> **Goal of the exercise**:
Would you give back exactly the lines from the line with "1790-1792, p. 103b-104a" through the end of the entries below, both included, but none of the pictures?

> **Web page caption snippets**:

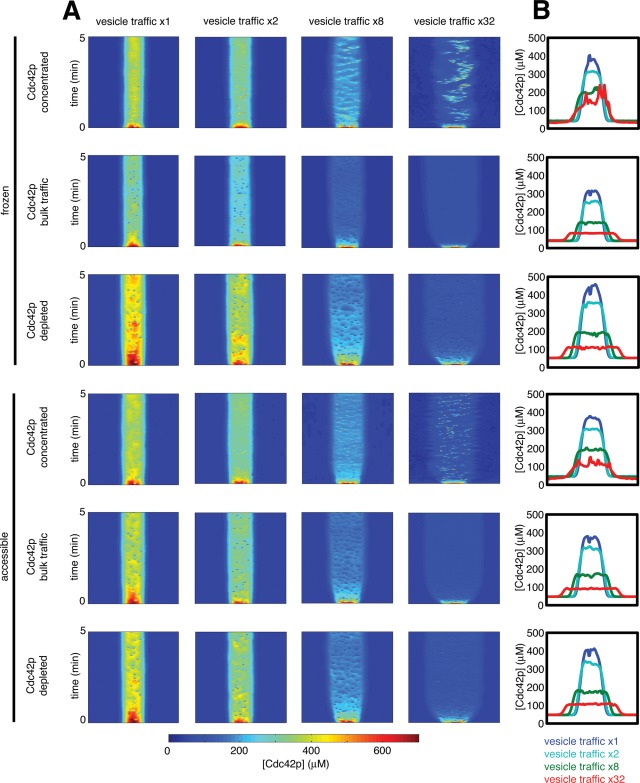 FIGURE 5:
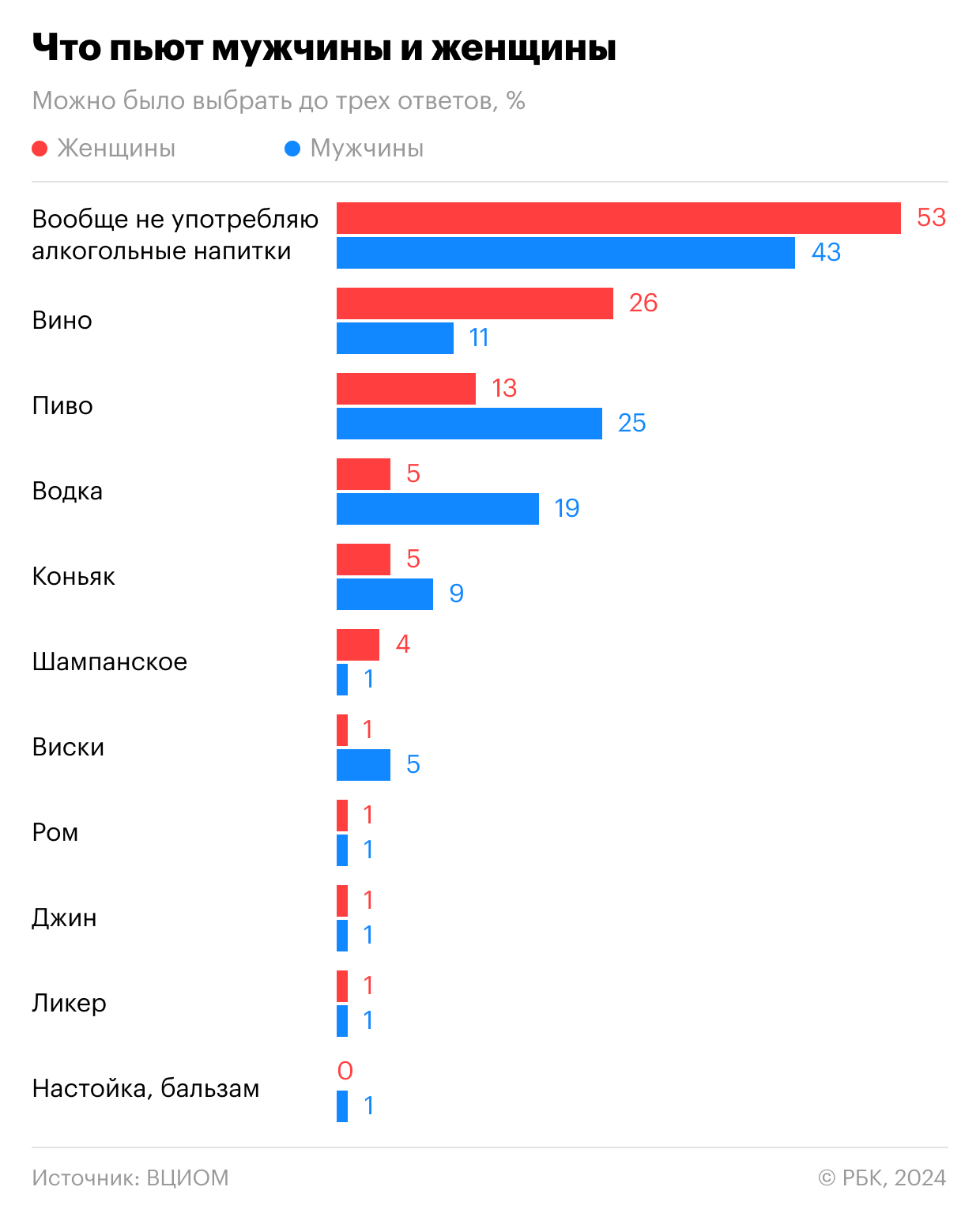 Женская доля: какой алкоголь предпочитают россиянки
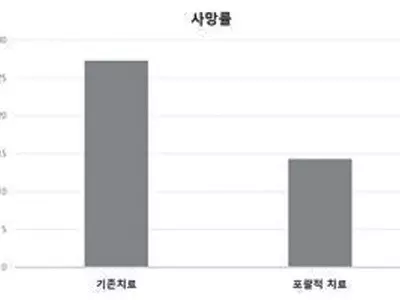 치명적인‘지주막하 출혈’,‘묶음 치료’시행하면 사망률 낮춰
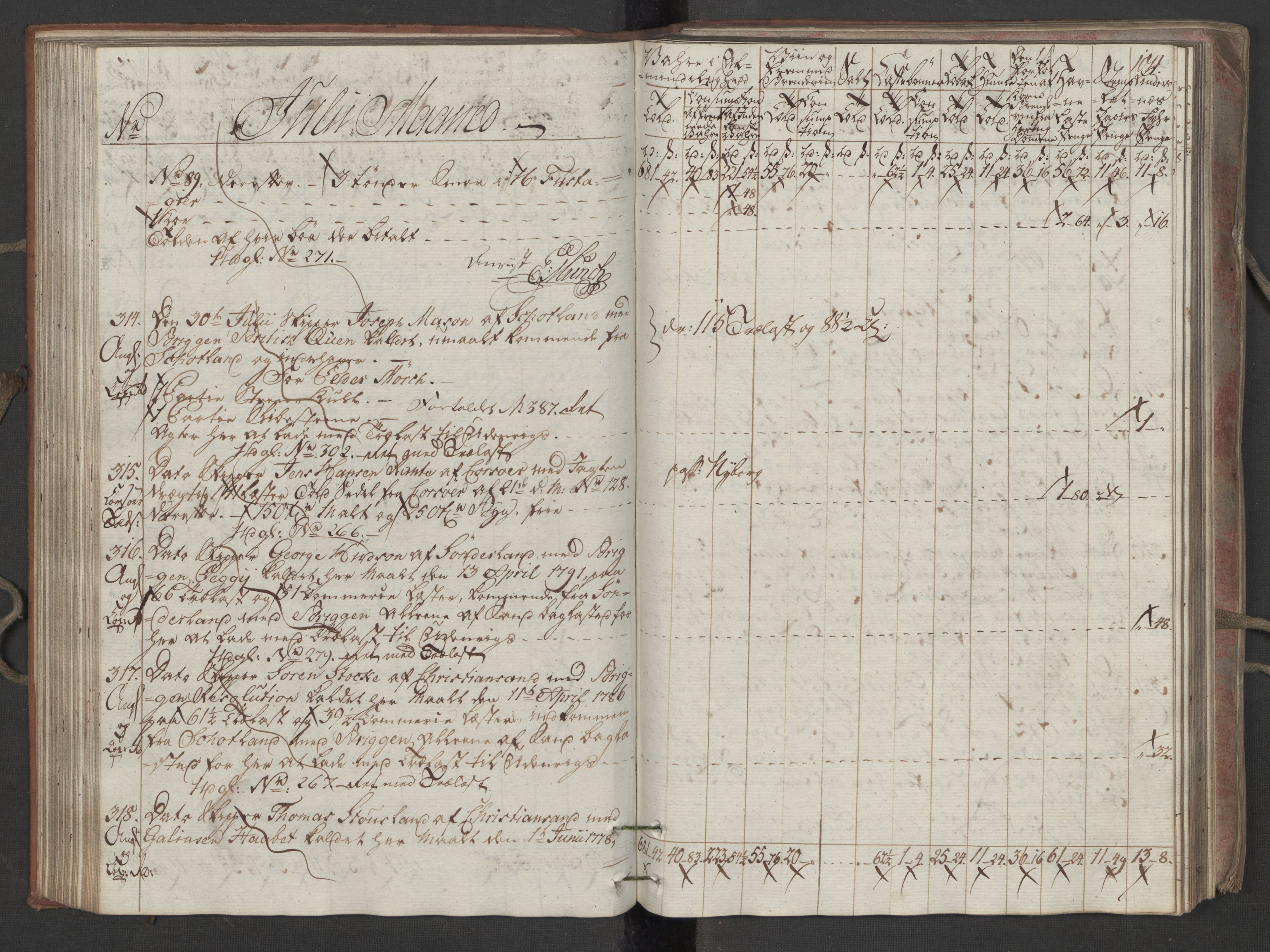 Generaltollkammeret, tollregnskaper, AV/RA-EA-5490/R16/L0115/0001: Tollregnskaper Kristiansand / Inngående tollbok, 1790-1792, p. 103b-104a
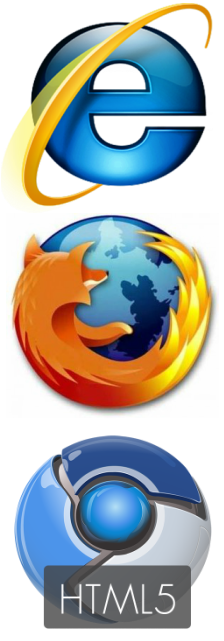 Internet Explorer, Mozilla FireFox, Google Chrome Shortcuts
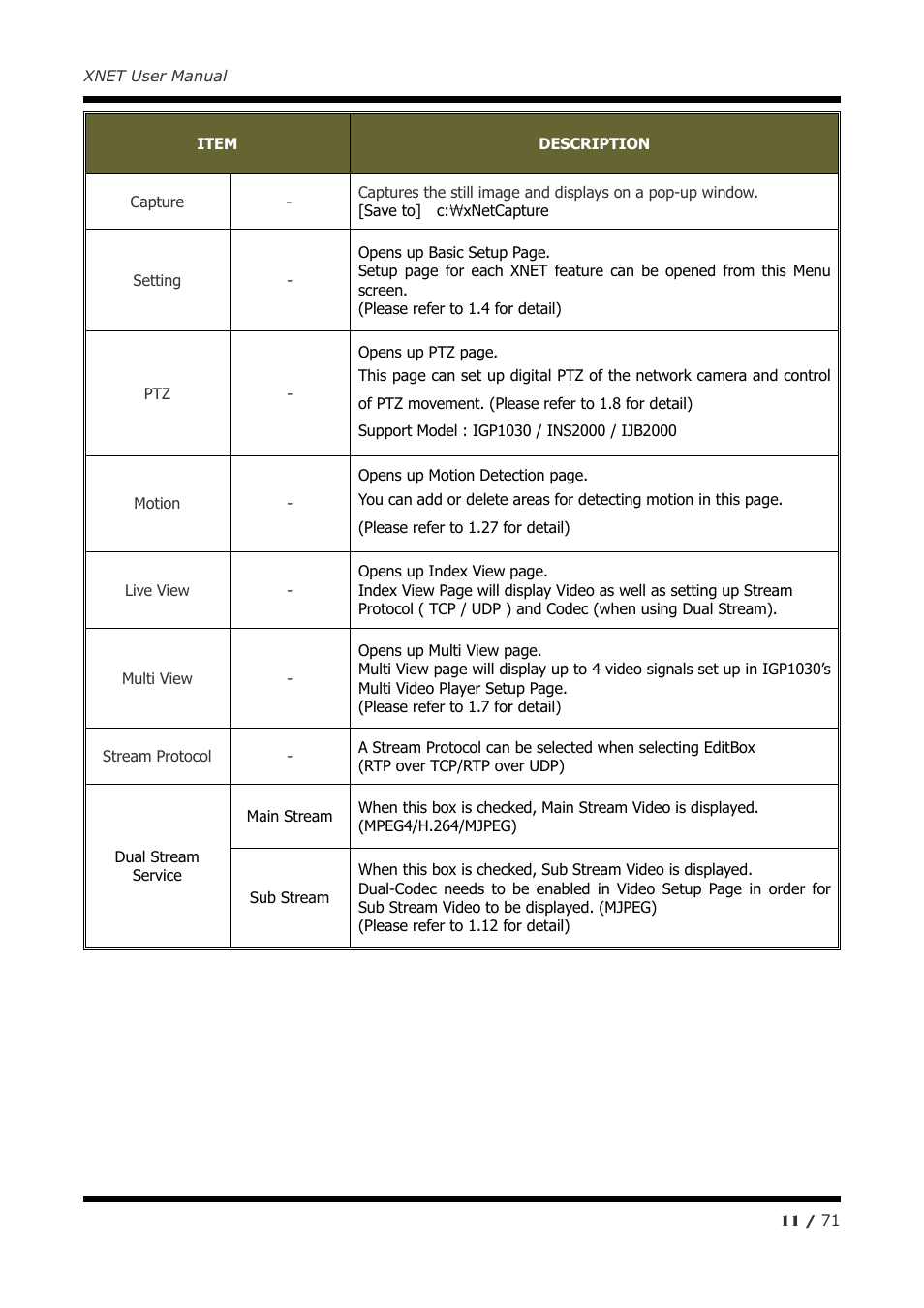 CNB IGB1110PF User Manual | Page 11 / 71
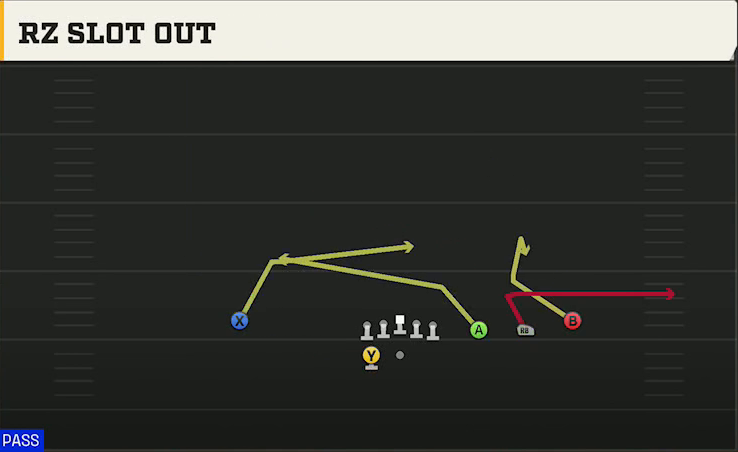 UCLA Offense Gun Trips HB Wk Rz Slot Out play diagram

> **Response below**:
 Generaltollkammeret, tollregnskaper, AV/RA-EA-5490/R16/L0115/0001: Tollregnskaper Kristiansand / Inngående tollbok, 1790-1792, p. 103b-104a
 Internet Explorer, Mozilla FireFox, Google Chrome Shortcuts
 CNB IGB1110PF User Manual | Page 11 / 71
 UCLA Offense Gun Trips HB Wk Rz Slot Out play diagram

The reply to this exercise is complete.